During the graduation ceremony, proud parents watched their children collect a certificate that represented the student’s completion of a program designed to help them resist drugs and alcohol and the peer pressure that’s sometimes associated with it.
The program is called Drug Abuse Resistance Education and uses skits and lectures by the Picayune Police Department’s Lt. Bryan Dawsey and Cpl. Johnnie Mae Roberts to teach the children how to resist drugs and alcohol. Dawsey took time to thank the teachers for their cooperation in allowing them to instruct the students for 45 minutes a week during class time.
Several students who were in the program read their reports to the graduating class, which consisted of about 300 sixth graders from West Side, South Side Upper, Nicholson and Roseland Park elementary schools, Dawsey said.
During each child’s report, the child covered what the students learned during their time in the D.A.R.E. program.

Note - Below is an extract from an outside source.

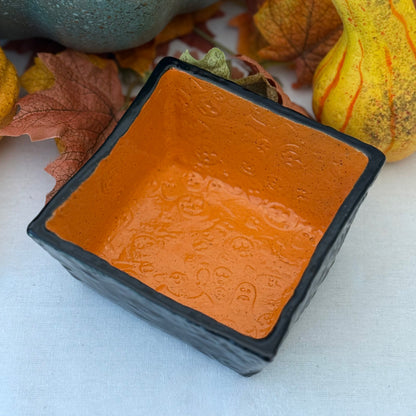 Square Halloween textured ceramic candy bowl  on a white surface with pumpkins in the background.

Peer pressure and personal pressure were two aspects of drug abuse the children learned to avoid. Lessons on peer pressure covered others pressuring children to participate in illegal or potentially harmful activities, such as drug use. Personal pressure consists of an internal struggle with whether to abuse drugs.
Keeping their youthful look was one of the reasons some students gave for staying away from harmful substances such as cigarettes.
“For the beauty queens who smoke, they will get dried out skin and yellow teeth, ewwww!,” said D.A.R.E. graduate Carol Thompson.
The adverse affects of other substances such as marijuana and alcohol also were part of the students’ reports, and included such things as short term memory loss and delayed reaction times.
The lessons taught children about the adverse affects of those substances and to choose their friends wisely so they do not come into contact with those substances. Dawsey said the program helps children make wise decisions to be drug and alcohol free.
Richards said the program also helps children identify situations where they may come into contact with drugs and how to avoid those situations. Techniques on how to say no in case those situations were unavoidable also were covered, she said.
This was the third year the Picayune School district participated in the program. Since the 2003-2004 school year, about 1,000 students have participated in and graduated from the program, Dawsey said. During that time period, the only year the Picayune school district did not participate was the 2005-2006 school year, a year interrupted and shortened by Hurricane Katrina.
“We hope to continue it for many more years,” Dawsey said.